Wednesday, 12 August 2009

Stretching the law

The Daily Mail reports that a disabled pensioner has been convicted of riding his mobility scooter while over the drink-drive limit. I had always understood that, as mobility scooters were not licensed vehicles, the same law applied to them as to pedal cycles, in that it was illegal to ride them when “under the influence of alcohol”, but there was no defined legal limit. However, in this case the man was breathalysed and found to have a blood-alcohol level of 122mg (the legal limit being 80mg). At that level, while not fit to drive a car, someone isn’t in any meaningful sense “drunk”, and it seems that the police are stretching the law in a way that was not intended. I know a number of old boys who use mobility scooters to get to the pub, and if they were being hounded for having more than a couple of pints it could kill off what social life they have. And I imagine a lot of people would be up in arms if the police sought to extend the same principle to pedal cycles.

The comments on the article also show a depressing level of prejudice against the disabled.


  1. if they were being hounded for having more than a couple of pints it could kill off what social life they have.

    That's the point, isn't it?

  2. Sorry, Dick, what is the point? Are you saying the police have a policy of depriving disabled people of a social life?

  3. All too many of the policies of today's righteous killjoys, while supposedly well-intentioned*, in practice have the effect of curbing people's social lives and making their lives a misery. This is just another example.

    * while it is often said that today's fervour for banning springs from an altruistic if misplaced desire to protect people, more and more I feel the basic motivation is a desire for control.

  4. There's nothing wrong with giving advice out telling people that drinking ten pints a night might not be particularly good for you or that getting in your car after a skinful isn't a good idea. After that though that's where the public health stuff ends.
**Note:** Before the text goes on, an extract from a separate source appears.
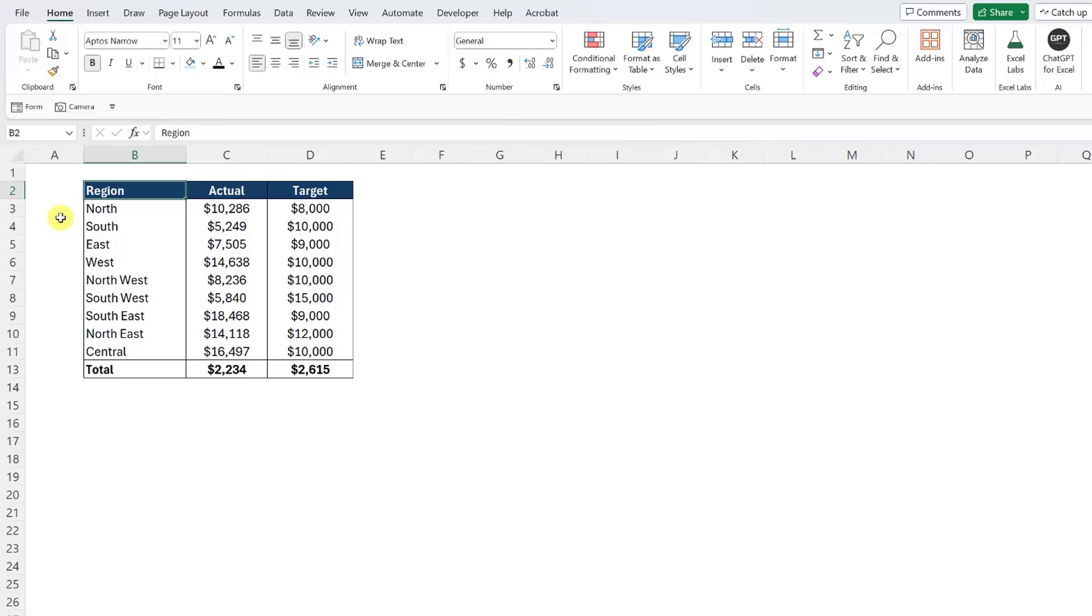Here we have sales data by region along with each region's target sales, and we want to visualize this data so that we can see how on or off track each region is. This is a perfect opportunity for an actual versus target chart.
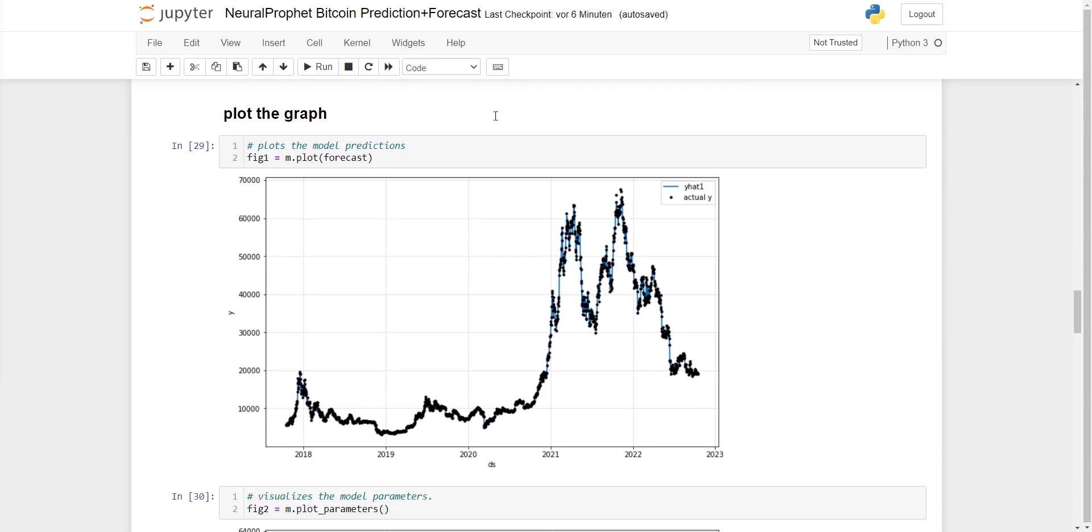You can use the plot function from NeuralProphet, which looks like this. You can see that the Bitcoin price was going up.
    So no fake charities, no people talking about the 'binge-drinking epidemic' and no bansturbatory politicians.

    Pubs are for the most part emasculated, horrible places these days anyway - glorified olde-world chain cafés that happen to sell beer. Media commentators that eulogise pubs these days are the very people that don't actually visit them. Bars and cafés in mainland Europe are far more accommodating and laid back than the stuffy, repressive atmosphere we have here. That said, it's not quite as bad as Canada - trying to get a decent drink there was a challenge in itself and if you have any more than two beers you're treated like a leper.

  5. Sad story, but I feel he was ill-advised to defend himself on this matter. I've been told he would have had a good case to argue.

  6. Indeed - as the post implies, I feel the authorities were stretching the law beyond its intended scope, and a lawyer might have been able to point this out. Having a blood alcohol level of 122mg is not in legal terms per se proof of inability to control a mobility scooter or, for that matter, a pedal cycle.

  7. From the Mail:
    "The defendant, who was representing himself in court, admitted the charge of driving a mechanically propelled vehicle on a road while unfit to drive through drink."
    The key word here being 'admitted'.
    If people continue not to educate themselves about the ways of the law, and prefer to admit to anything they are accused of, then there's really no hope I'm afraid.
    There's a wealth of stuff on the internet to educate yourself if you have a mind to.